(Extracted information Opens)

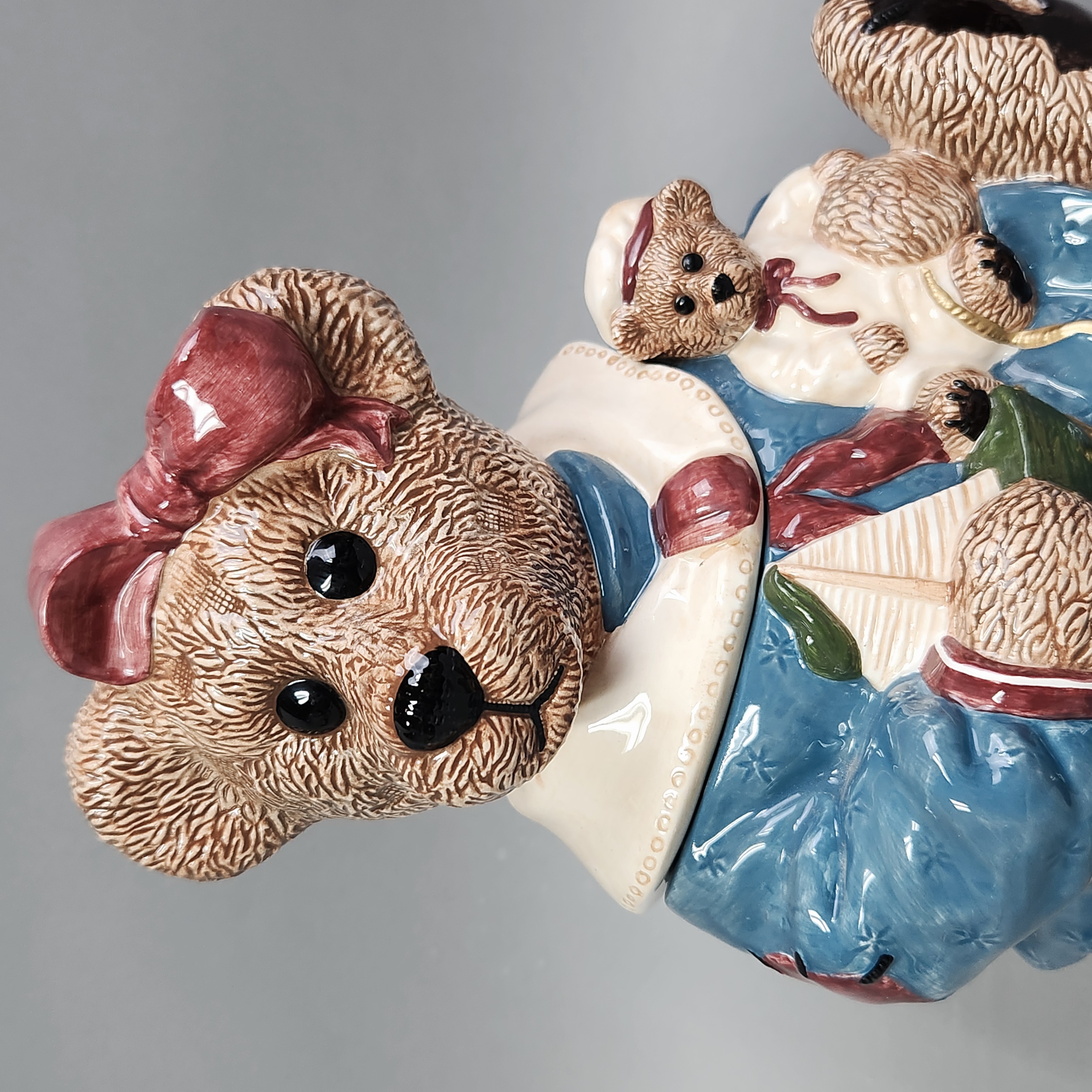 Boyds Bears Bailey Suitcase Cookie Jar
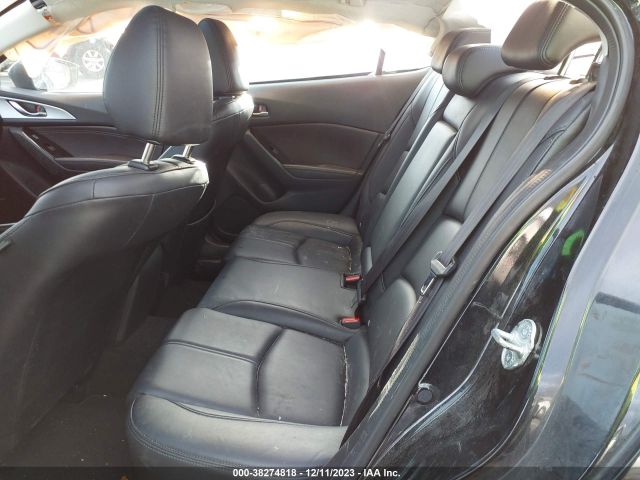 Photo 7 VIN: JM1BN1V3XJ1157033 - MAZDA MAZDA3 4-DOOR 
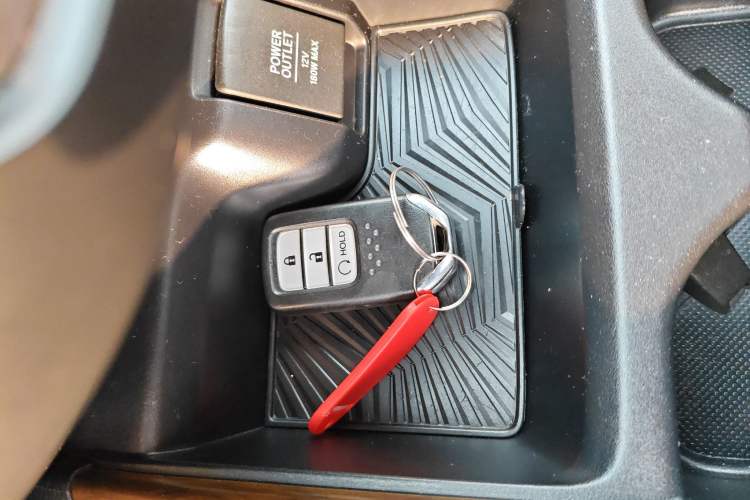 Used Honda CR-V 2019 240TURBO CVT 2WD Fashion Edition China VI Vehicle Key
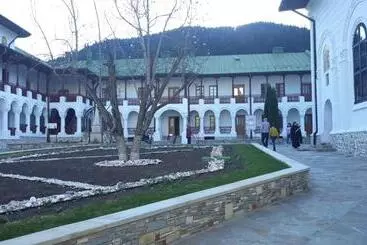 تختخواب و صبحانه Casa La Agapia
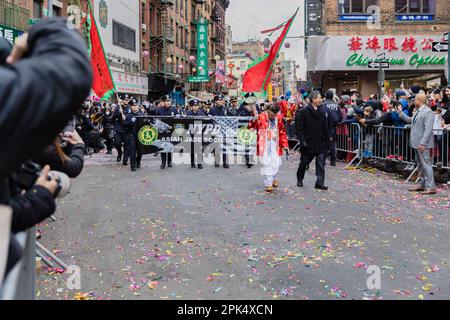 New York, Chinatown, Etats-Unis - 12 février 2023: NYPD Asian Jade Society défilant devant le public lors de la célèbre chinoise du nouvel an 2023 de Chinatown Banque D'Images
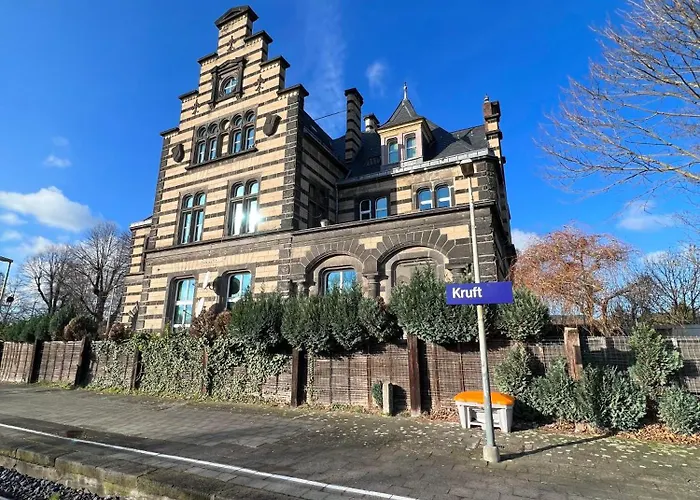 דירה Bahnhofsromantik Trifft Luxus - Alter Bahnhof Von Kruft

(Extracted information Closes)

## [Assigned task]
Print exactly the lines from the one containing "New York, Chinatown, Etats-Unis" through the last line of the records, both included, and leave out the pictures.

## [Solution]
 New York, Chinatown, Etats-Unis - 12 février 2023: NYPD Asian Jade Society défilant devant le public lors de la célèbre chinoise du nouvel an 2023 de Chinatown Banque D'Images
 דירה Bahnhofsromantik Trifft Luxus - Alter Bahnhof Von Kruft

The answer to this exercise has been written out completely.